Nonetheless, as soon as a few apartments became vacant, Samson sent the Edelsteins an objectionable conduct warning notice, saying that if they rented any of those apartments the board would view that as objectionable because it violated the sponsor’s obligation to sell them, as defined by the Jennifer decision. The sponsor defied the notice and rented the units; the board terminated the shares. With an auction scheduled to sell off the apartments, the Edelsteins went to court and obtained an injunction to delay the cancellation and the auction until the court ruled.
When the court decision came down, the Edelsteins lost. Their case was not helped by a statement from the Edelstein camp during the deposition that “if we knew we would have to sell all the units, we never would have converted the building.” Says Samson: “That was a breathtaking admission.
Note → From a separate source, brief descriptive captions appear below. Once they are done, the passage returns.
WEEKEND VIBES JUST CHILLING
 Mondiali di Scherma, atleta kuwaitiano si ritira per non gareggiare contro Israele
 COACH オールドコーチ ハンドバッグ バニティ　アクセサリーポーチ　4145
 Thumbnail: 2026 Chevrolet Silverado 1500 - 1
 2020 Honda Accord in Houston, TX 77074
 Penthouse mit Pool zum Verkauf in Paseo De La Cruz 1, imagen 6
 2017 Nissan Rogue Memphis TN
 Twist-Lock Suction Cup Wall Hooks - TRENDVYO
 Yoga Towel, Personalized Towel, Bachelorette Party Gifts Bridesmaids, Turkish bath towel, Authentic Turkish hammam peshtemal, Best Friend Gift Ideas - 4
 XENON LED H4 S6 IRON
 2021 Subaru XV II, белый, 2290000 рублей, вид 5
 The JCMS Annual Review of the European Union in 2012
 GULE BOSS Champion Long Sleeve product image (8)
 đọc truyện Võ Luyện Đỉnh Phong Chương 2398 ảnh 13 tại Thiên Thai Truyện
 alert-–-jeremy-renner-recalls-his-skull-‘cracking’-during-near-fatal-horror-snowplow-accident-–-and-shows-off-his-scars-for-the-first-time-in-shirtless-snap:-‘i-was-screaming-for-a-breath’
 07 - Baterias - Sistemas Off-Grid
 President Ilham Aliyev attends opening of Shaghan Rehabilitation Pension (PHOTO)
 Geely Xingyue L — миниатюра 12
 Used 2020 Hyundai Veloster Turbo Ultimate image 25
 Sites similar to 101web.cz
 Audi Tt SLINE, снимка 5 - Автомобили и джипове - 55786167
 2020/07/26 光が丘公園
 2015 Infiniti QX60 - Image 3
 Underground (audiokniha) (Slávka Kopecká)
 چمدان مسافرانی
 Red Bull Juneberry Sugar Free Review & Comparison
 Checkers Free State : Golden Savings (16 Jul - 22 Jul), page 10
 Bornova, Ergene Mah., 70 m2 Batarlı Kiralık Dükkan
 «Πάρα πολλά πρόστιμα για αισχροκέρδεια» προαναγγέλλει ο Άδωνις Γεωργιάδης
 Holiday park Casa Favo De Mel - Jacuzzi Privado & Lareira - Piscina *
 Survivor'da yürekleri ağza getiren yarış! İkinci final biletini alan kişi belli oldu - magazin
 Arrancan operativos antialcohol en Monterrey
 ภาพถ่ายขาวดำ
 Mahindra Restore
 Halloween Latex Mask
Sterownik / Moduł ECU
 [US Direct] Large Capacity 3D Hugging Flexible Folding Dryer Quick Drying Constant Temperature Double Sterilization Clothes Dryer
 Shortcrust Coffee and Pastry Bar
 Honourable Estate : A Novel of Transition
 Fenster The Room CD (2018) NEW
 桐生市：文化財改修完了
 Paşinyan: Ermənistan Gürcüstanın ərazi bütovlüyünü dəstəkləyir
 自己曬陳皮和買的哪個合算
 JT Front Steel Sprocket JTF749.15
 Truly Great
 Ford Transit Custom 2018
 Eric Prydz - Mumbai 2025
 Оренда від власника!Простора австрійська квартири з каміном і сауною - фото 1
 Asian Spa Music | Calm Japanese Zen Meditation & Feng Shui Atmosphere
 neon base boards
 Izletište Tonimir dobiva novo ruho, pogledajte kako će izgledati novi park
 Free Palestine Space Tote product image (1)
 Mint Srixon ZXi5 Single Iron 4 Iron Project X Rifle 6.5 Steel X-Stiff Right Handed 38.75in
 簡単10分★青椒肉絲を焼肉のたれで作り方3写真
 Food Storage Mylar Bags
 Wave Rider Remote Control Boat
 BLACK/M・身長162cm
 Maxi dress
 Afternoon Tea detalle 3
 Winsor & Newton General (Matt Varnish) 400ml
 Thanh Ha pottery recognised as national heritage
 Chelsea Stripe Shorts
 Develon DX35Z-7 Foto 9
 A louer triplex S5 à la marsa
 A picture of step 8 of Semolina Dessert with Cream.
That was a statement on which you could hang a fraud claim.”
The state Supreme Court lifted the injunction and, Samson notes, the sponsor has appealed the decision twice — the Edelsteins lost the first appeal, 5-0, and the second one is pending — and Samson is optimistic. “So now they have 18 vacant apartments and my guess is that, under Jennifer and Pullman, they’ll probably have to sell.”
Samson feels the rulings are good news for boards plagued by sponsors who refuse to sell. “It’s a shortcut to the Jennifer situation. If, instead of starting lawsuits, the board simply declares the sponsor’s conduct objectionable due to the diminution of the quality of life and can demonstrate that, the building has a way to force the sponsor to sell without going to court. It is a non-curable default. If you send out the proper notice, the act of renting terminates the lease.”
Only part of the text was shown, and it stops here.